We did not deem it prudent to ask our respondents directly whether their Reported Judgment included a Name Premium added onto their Sincere Judgment, on the suspicion that insincere raters are unlikely to answer us sincerely. The challenge, then, was to elicit sincere judgments while finessing social desirability.
Reference Lee., Frederick. and Ariely.Lee et al. (2006) faced a similar challenge. Pub patrons tasted regular beer and “MIT brew” (beer laced with balsamic vinegar, which Lee et al. call “conceptually offensive”, p. 10). Some tasted the two beers blind. Others were informed before tasting. Blind tasters preferred the MIT brew. Informed tasters preferred the regular beer. Were the informed tasters expressing their sincere preference, or was their report shaped by social desirability? To answer this, a third group was given the tasting experience of the blind tasters, but the evaluation opportunity of the informed tasters (namely, they were informed of what they had drunk after the drinking, but before the evaluation). This group resembled the blind tasters, not the informed tasters. Apparently, their tasting experience was not altered retroactively by the “mildly unsettling news” of the balsamic vinegar lacing (p. 1056). Moreover, they declined an opportunity to report a more socially desirable, albeit insincere, evaluation.

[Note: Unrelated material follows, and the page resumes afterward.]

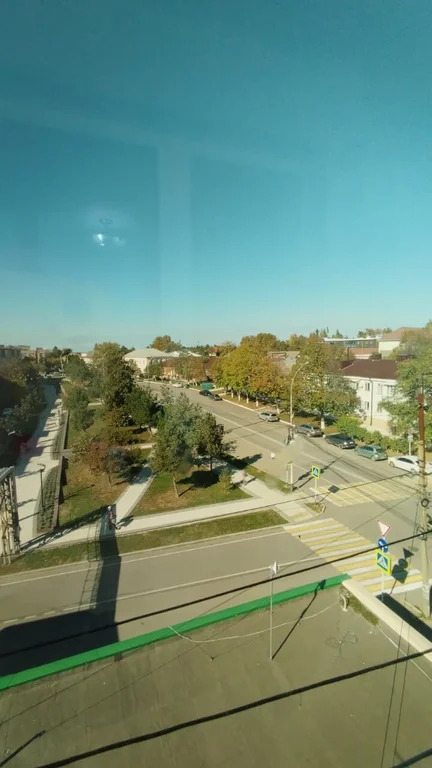 Продажа квартиры, Темрюк, Темрюкский район, ул. Таманская - Фото 10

Our design is necessarily differentFootnote 6, although we also had three kinds of readers: “blind” readers who read an unattributed poem, “informed” readers who read it with the poet’s name, and readers who were blind when first reading the poem, and were informed of the poet’s name only after reading the poem.Footnote 7 We elicited ratings from the third, and critical, group in an indirect way. Rather than requesting them to first give a rating based on their blind reading, and then when informed of the poet’s name to give a second rating, after informing them we asked them to guess the rating of “other people like you”, hoping thereby to solicit more sincere evaluations.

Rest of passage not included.